Once asserted, however, the pretense ensures that the debate will be waged on Scalia's textualist territory. This territory still leaves ample room for judgment (or manipulation), and judges will often disagree about the precise meaning of the text at hand. But as Scalia observes, once the central importance of the legal text is
conceded, judges will at least argue about the right questions. Textual arguments must eventually be contested on textual grounds, and this necessity has a constraining effect. On a Supreme Court that otherwise lacks an intellectual center, textualism has exerted a powerful gravitational pull.

Generally, the pull has been in an anti-statist direction, and this tendency flows directly from the theory. Scalia distinguishes textualism not only from a free-wheeling Living Constitution but also from a crabbed notion of "strict construction." A legal text, Scalia observes, should be construed neither "strictly" nor broadly, but fairly. If the text itself fails to supply the answers (as is sometimes the case), the structure of the legal document and prevailing historical traditions are useful and legitimate sources of interpretation.

Scalia is not a libertarian per se. However, his understanding of textualism systematically drives interpreters toward results that are far more individualistic than judicial flights into constitutional values and emanations, which will almost invariably have a collectivist bent.

Once the Supreme Court strays from the text, it must find legitimacy elsewhere. It must build and maintain political support, and so constitutional law becomes another interest group racket. Brennan's Living Constitution was at bottom a campaign for the political support of the governing liberal elite and its favored constituencies--blacks at first, then other minorities, then women.

Even the Brennan Court's ostensibly libertarian commitments typically followed the dictates of egalitarian politics. Free access to abortion was thought to be good for women's liberation. Similarly, the Court expanded (some) First Amendment rights, first, because a "robust dialogue" seemed to favor the downtrodden and, second, because spouting off is how intellectuals--the Brennan Court's base of support--earn their living. When it came to the free speech of, for example, political campaign contributors, Brennan ditched the First Amendment (tellingly, over Scalia's strenuous objections). And now that civil rights groups no longer like free speech (because someone else seems to be winning the debate), Brennan's disciples are pushing speech codes and "harassment" regulations, on the theory that speech that isn't nice to women and racial minorities isn't really speech.

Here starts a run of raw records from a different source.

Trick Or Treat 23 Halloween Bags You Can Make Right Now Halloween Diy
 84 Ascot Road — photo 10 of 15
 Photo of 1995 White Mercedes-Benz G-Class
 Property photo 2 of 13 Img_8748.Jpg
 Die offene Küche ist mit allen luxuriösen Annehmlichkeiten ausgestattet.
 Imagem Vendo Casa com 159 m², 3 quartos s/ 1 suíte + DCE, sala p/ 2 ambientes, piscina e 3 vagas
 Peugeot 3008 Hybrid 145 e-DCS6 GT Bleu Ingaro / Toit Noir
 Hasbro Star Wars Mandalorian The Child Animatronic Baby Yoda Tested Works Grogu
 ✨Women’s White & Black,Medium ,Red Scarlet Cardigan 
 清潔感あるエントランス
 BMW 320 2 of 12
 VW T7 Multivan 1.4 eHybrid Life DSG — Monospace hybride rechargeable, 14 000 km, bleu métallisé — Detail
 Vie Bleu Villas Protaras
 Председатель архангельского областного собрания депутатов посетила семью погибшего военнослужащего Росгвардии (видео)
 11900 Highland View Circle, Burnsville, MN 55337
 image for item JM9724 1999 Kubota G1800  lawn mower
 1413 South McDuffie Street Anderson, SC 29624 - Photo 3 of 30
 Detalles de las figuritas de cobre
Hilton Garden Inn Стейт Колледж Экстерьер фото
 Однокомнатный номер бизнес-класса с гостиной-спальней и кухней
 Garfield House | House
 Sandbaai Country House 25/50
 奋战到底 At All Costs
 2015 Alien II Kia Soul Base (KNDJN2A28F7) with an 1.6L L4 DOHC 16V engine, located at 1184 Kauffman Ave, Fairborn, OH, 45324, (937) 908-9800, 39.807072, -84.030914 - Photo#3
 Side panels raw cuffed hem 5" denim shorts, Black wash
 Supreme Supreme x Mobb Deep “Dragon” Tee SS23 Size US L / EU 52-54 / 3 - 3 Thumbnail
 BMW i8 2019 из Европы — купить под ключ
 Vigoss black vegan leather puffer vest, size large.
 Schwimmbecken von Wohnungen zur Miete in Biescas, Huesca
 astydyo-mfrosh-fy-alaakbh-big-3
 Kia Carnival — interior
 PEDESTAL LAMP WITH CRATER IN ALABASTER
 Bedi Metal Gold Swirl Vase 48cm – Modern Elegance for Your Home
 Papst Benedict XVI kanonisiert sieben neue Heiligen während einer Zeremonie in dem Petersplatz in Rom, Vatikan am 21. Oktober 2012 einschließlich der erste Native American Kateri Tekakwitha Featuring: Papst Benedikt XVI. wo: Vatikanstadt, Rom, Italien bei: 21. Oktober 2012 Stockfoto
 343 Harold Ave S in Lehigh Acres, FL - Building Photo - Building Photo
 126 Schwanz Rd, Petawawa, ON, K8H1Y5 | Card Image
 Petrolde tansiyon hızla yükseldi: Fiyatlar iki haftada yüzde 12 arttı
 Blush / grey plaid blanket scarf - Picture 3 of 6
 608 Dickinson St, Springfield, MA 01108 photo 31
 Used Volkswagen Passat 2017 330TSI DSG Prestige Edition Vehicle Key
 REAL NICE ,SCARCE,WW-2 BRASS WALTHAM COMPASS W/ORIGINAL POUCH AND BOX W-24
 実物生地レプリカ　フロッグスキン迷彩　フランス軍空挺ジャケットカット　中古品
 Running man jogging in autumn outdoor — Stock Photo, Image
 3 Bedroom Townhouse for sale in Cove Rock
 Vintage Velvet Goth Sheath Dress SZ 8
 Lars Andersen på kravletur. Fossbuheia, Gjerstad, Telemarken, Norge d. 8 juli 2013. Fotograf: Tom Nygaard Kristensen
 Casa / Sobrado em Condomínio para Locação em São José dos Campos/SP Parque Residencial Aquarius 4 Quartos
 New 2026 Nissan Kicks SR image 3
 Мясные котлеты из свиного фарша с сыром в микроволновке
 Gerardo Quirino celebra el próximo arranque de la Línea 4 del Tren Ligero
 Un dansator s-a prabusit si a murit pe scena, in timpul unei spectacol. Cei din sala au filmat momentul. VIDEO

Scalia, in contrast, has upheld traditional First Amendment rights against "hate speech" regulation (RAV v. St. Paul, 1992). He dissented when a coalition of abortion enthusiasts and The-State-Can-Do-No- Wrong conservatives on the bench ran roughshod over the free speech rights of abortion protesters (Madsen v. Women's Health Center, 1994). He dissented when the Court curtailed the constitutional right to confront one's accusers in child abuse trials (Maryland v. Craig, 1990). And in Lucas v. South Carolina Coastal Council (1992), the most important "takings" case of the past decade, Scalia engineered a partial reconstruction of constitutional protection for common-law property rights, while his evolutionist brethren denounced private property as a menace to global survival. In short, since the constitutional text is far more individualistic than the evolutionist's political commitments, textualism favors individualism while constraining egalitarian usurpations.